Root cause: LCP, TTFB, and FCP are listed in seconds in Table 1 for readability, but most RUM SDKs emit milliseconds. A config that copies 2.5 as a millisecond threshold instead of 2500 will flag nearly every page as failing.

# Sanity-check a threshold constant before deploying it
lcp_threshold_ms = 2.5          # WRONG — this is seconds, not milliseconds
assert lcp_threshold_ms > 100, "LCP threshold looks like seconds, not milliseconds"

Fix: standardize on milliseconds internally for all latency metrics and convert Table 1's second-denominated values (2.5 -> 2500) at the point of ingestion, with a unit test that catches the reversed conversion.


A score sits on a band boundary and different dashboards disagree

Root cause: one dashboard treats bounds as inclusive on the upper end, another on the lower end, so a score of 50 is classified "Critical" in one tool and "At Risk" in another.
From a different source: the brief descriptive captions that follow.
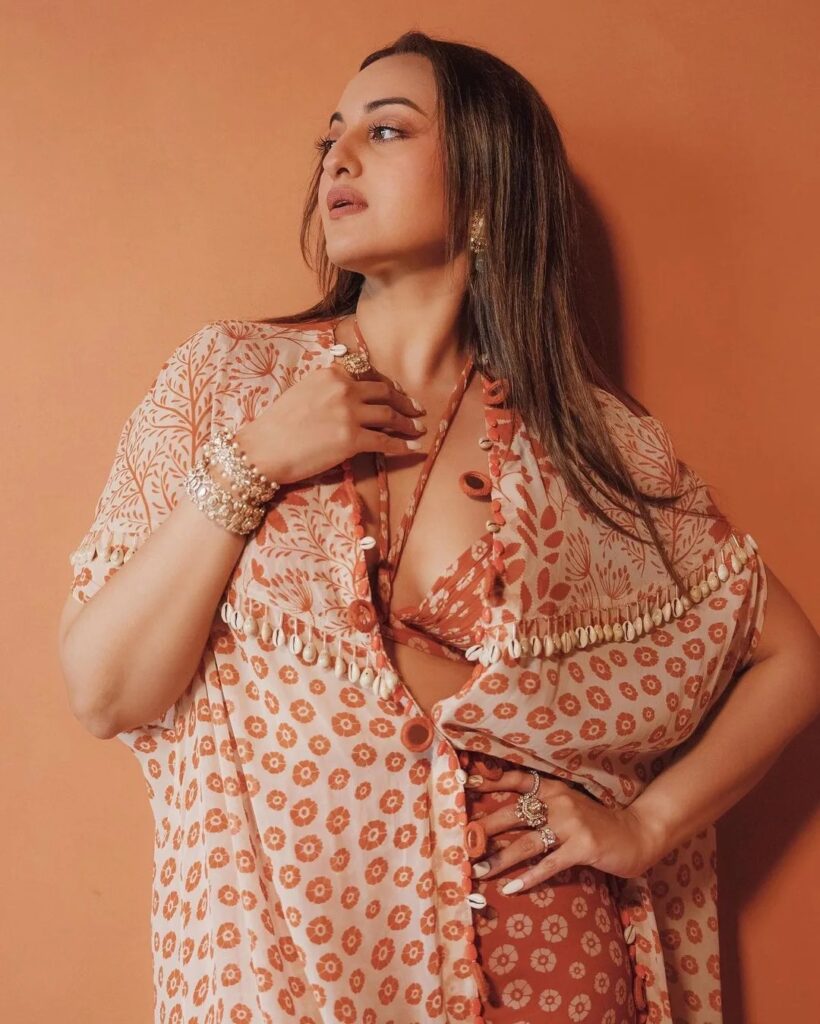 Sonakshi 7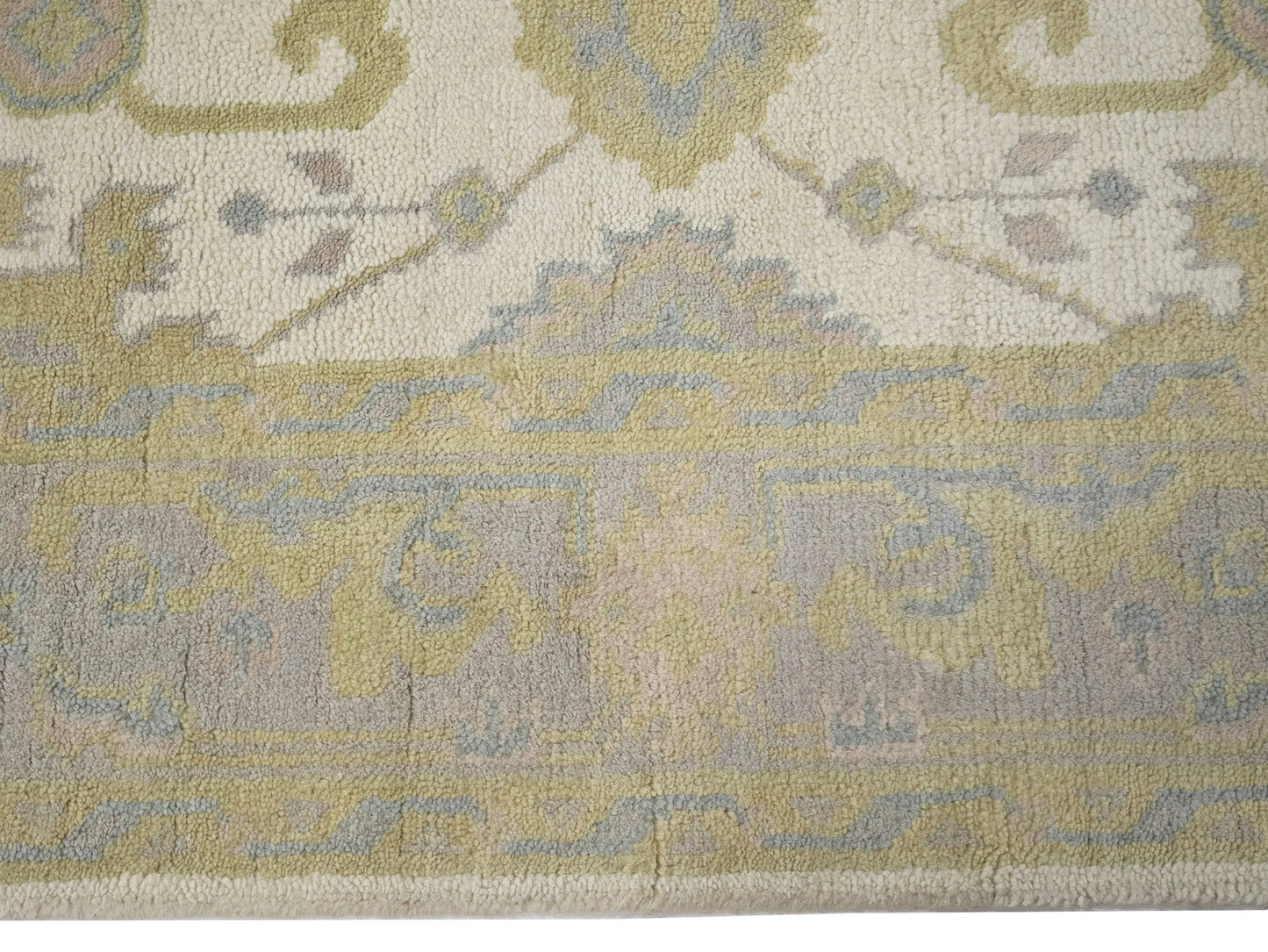 Floral Hand-Knotted Oushak Chobi Oriental Rug 4X6 ft Cream Wool Carpet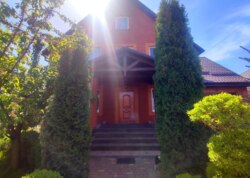 ������ 2 ����������� ������� � ������� �� 10 �����, 250 ��. �, 5 ����� ���� 3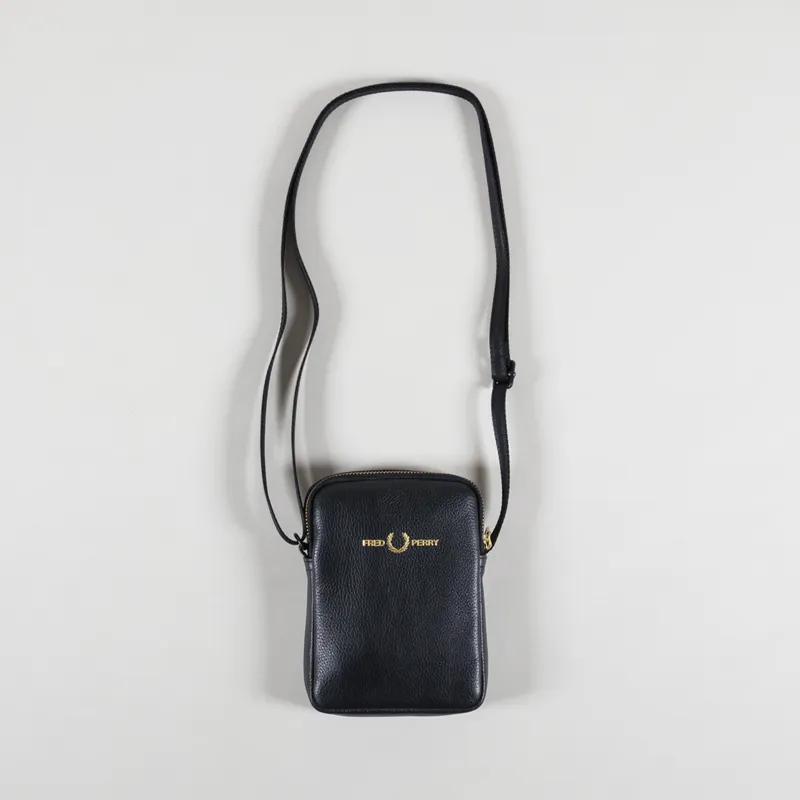 Fred Perry Womens Tumbled Leather Handbag Side Bag Black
Fix: standardize on the convention documented under the score-band scale above — lower bound inclusive — and update both dashboards' comparison operators (>= versus >) to match.


FAQ

Why do the tables list TTFB and FCP thresholds when only LCP, INP, and CLS are official Core Web Vitals?

TTFB and FCP are supplementary field metrics that explain regressions in the three official Core Web Vitals. A slow TTFB is frequently the root cause of a failing LCP, so scoring pipelines track it even though it does not factor into the CWV pass/fail assessment itself.

How often should the default weight-by-template table be recalibrated?

Review it quarterly and immediately after any redesign that changes a template's conversion path, such as moving checkout to a single-page flow. Recalibration should be a versioned commit to the weights file, not a silent runtime edit.

What happens if a page's composite score sits exactly on a band boundary?

Boundaries are inclusive on the lower bound of each band, so a score of exactly 50 falls in the At Risk band rather than Critical. Document this convention in code comments since off-by-one errors at boundaries are a common source of disagreement between dashboards.

Can I use these reference tables directly, or must I calibrate per site?

The Core Web Vitals thresholds are safe to use as-is since they come from the CrUX methodology. The severity tiers, template weights, and band labels are defaults meant as a starting point — most teams narrow them after establishing baseline metrics for their own domain.